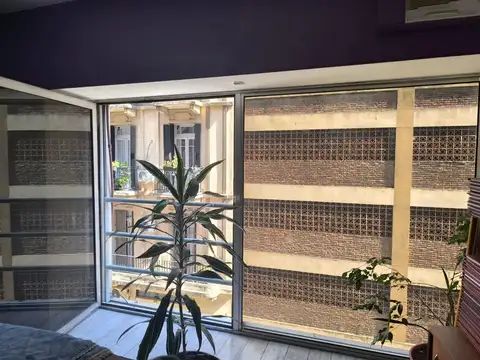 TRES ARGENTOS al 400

* * *

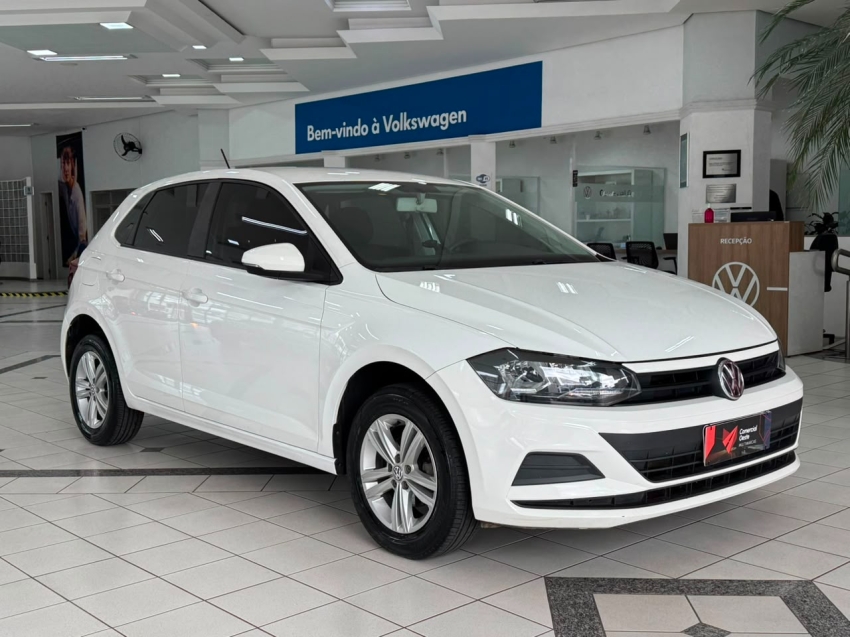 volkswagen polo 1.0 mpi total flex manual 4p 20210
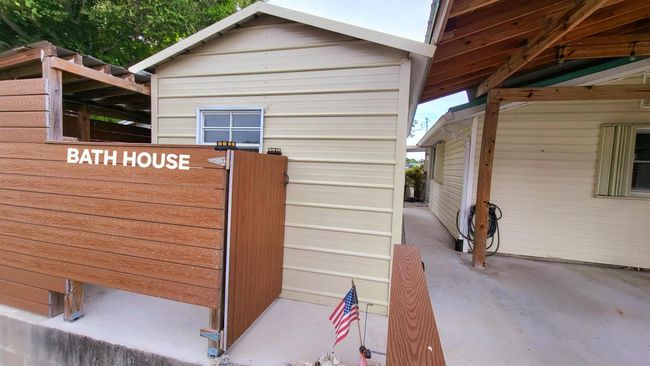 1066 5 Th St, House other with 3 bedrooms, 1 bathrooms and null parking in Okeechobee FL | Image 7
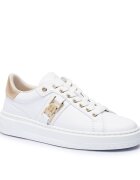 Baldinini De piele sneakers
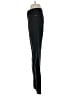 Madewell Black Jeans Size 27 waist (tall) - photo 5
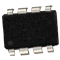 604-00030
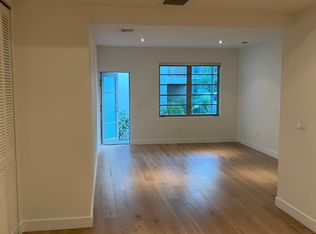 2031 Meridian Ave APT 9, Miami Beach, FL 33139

## The problem:
Out of the records above, set down only the lines from the one that contains "Baldinini De piele sneakers" through the one that contains "2031 Meridian Ave", unchanged and without the pictures.

## Solved problem:
 Baldinini De piele sneakers
 Madewell Black Jeans Size 27 waist (tall) - photo 5
 604-00030
 2031 Meridian Ave APT 9, Miami Beach, FL 33139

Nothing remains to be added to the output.